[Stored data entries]
════

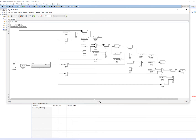You'll probably notice that there are a lot of blocks for these very few lines of code. This is considered a verbose conversion because it creates a block for everything as it appears in the code. This can, however, be simplified and configurable.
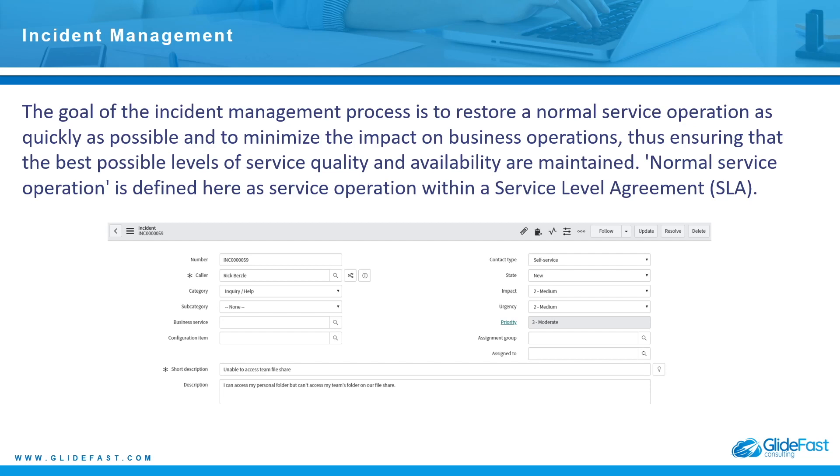Now an SLA basically dictates an agreement between the business and the client on the percentage that the application should stay up. It also reflects when the service should be brought back up—how long do you have if an incident occurs, if a service is down, how long do you have to bring that back up. You could also have OLAs, which are operational level agreements, and those can work between teams. Each team can be designated an operational level agreement that dictates how long a team has to work on that particular ticket before the OLA is breached, and I will show you that as well.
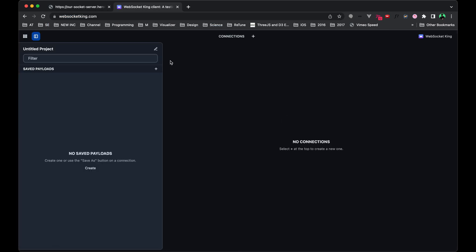Before we start implementing any of this in Touch Designer or creating our website, first I want to show you a tool called WebSocket King. This will help us debug any of the data that we send through our WebSocket.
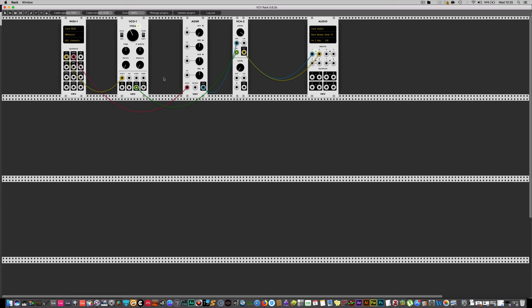So there's the basic setup of a MIDI keyboard in VCV Rack, and we'll move on to something a little bit more tasty from here.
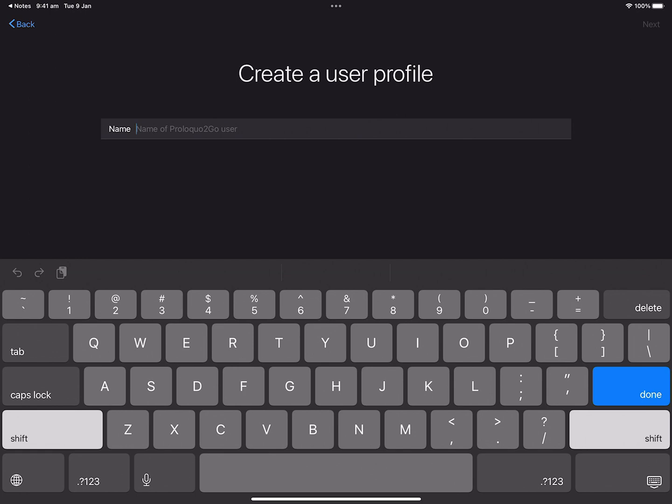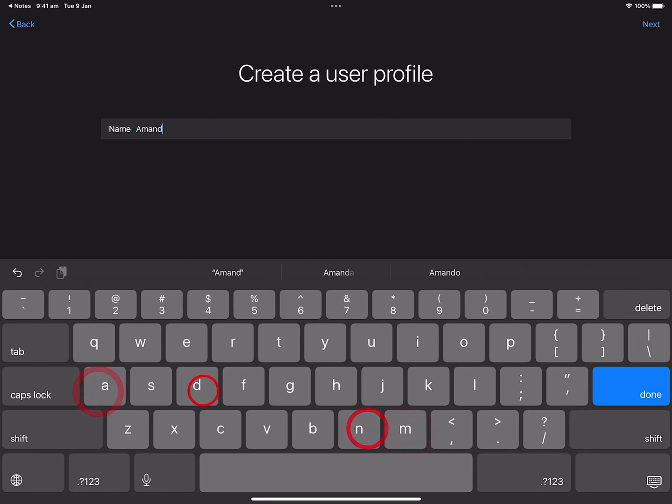Next, give the user a name. Today I'll choose my name, Amanda. Then tap Next.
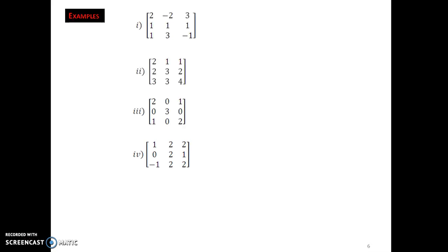So this was the basics of eigenvectors. There are a few examples that you can solve by computing. Take down these examples, solve them, and compute the eigenvalues and eigenvectors of all four examples. I hope you have understood. Thank you for watching.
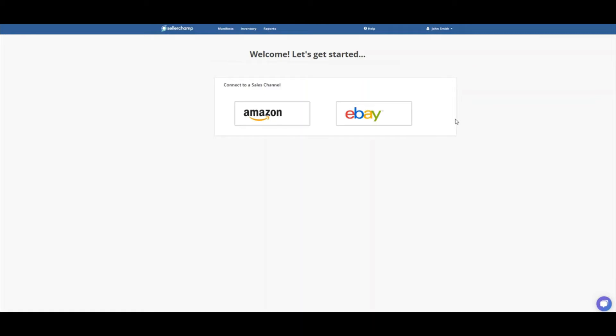Hello. In this video, I'm going to show you how to connect your eBay account from within SellerChamp. After you join SellerChamp, you're going to be asked to connect a sales channel.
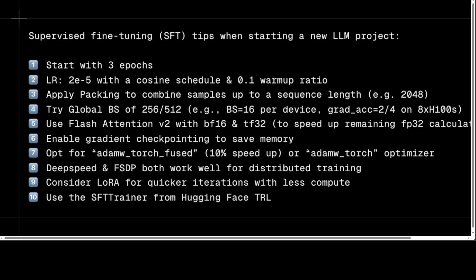The fifth tip is to use Flash Attention V2 with BF16 and TF32. Flash Attention V2 is an optimized attention mechanism for large language models. It provides faster and more efficient computations using BF16 (BFloat16) and TF32 (TensorFloat-32) data types, which accelerate calculations and reduce memory usage because they require less precision than the default Float32 type.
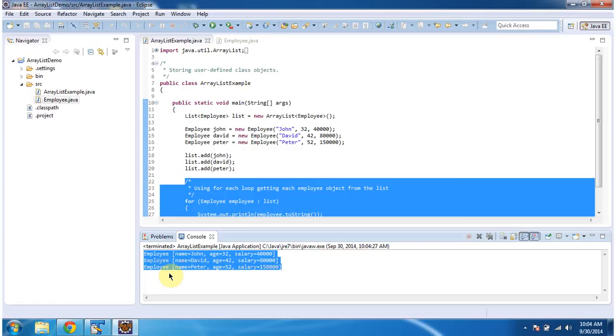This is the output. And this is about how to add user-defined objects to the ArrayList. Thanks for watching. Bye.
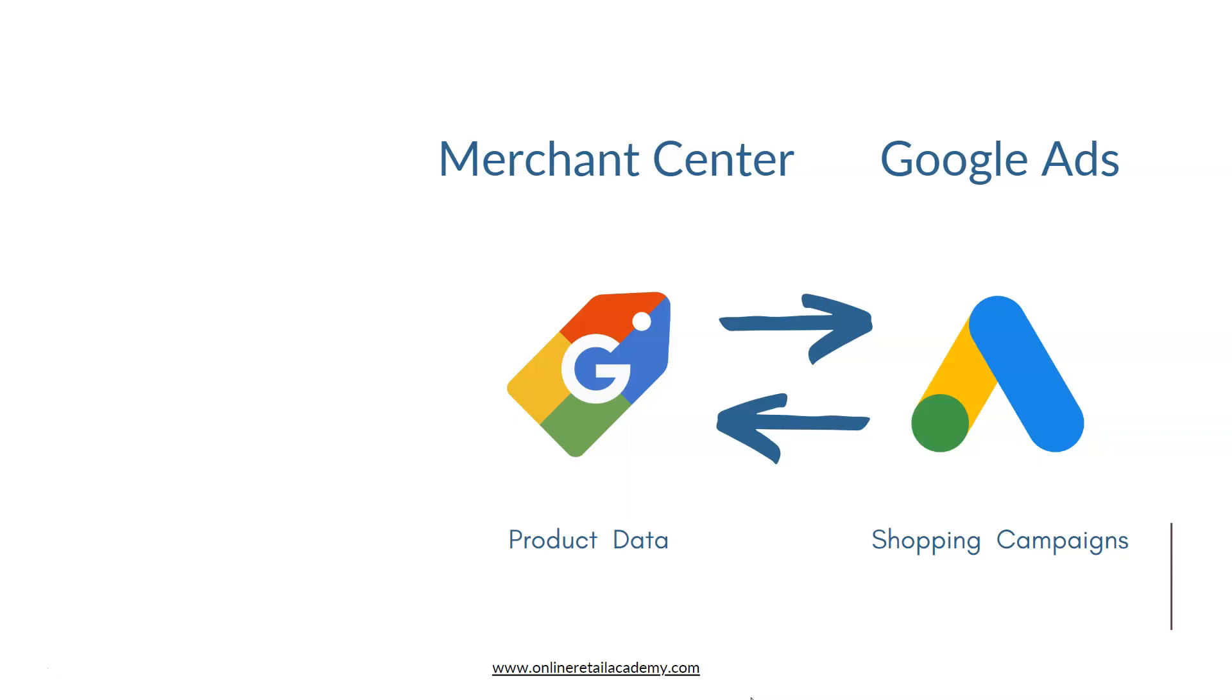Then Google Shopping will pass some information, clicks, impressions, conversions sometimes, back into Merchant Center so you can see some of that information inside Merchant Center.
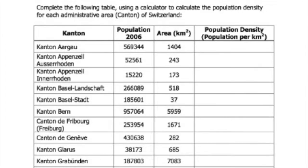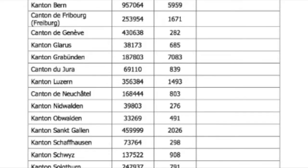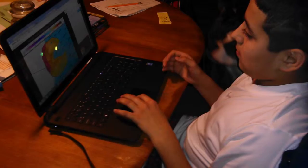Here's a basic worksheet about population density. It defines the term and offers examples for students to complete using a basic formula. Good for the basics, but population density goes much deeper than just a formula. I could spend a day lecturing, or I can transform my assignment into something with much more utility.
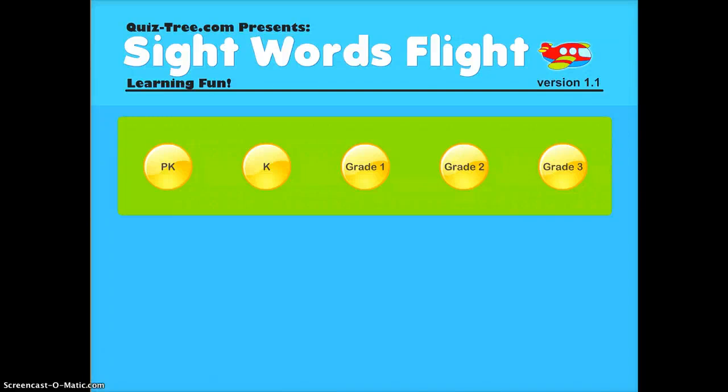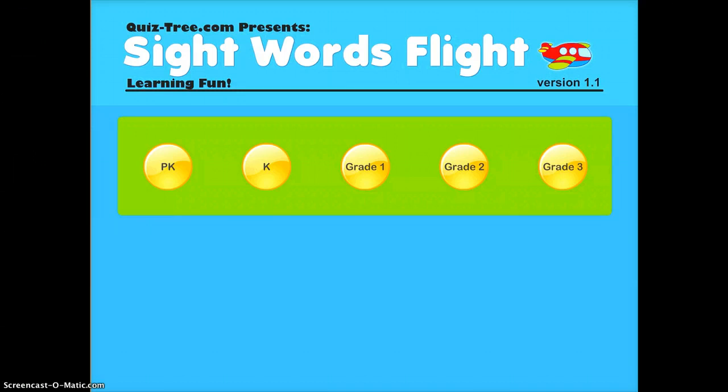Sight Words Flight is a very fun game for students to use when they're practicing their sight reading. You can see it covers a variety of age ranges from pre-K to grade 3, so they can use this for a long time.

════

Could you copy, exactly and with no pictures, each line from the first one above to the line holding "So this was"?

You'll probably notice that there are a lot of blocks for these very few lines of code. This is considered a verbose conversion because it creates a block for everything as it appears in the code. This can, however, be simplified and configurable.
Now an SLA basically dictates an agreement between the business and the client on the percentage that the application should stay up. It also reflects when the service should be brought back up—how long do you have if an incident occurs, if a service is down, how long do you have to bring that back up. You could also have OLAs, which are operational level agreements, and those can work between teams. Each team can be designated an operational level agreement that dictates how long a team has to work on that particular ticket before the OLA is breached, and I will show you that as well.
Before we start implementing any of this in Touch Designer or creating our website, first I want to show you a tool called WebSocket King. This will help us debug any of the data that we send through our WebSocket.
So there's the basic setup of a MIDI keyboard in VCV Rack, and we'll move on to something a little bit more tasty from here.
Next, give the user a name. Today I'll choose my name, Amanda. Then tap Next.
So this was the basics of eigenvectors. There are a few examples that you can solve by computing. Take down these examples, solve them, and compute the eigenvalues and eigenvectors of all four examples. I hope you have understood. Thank you for watching.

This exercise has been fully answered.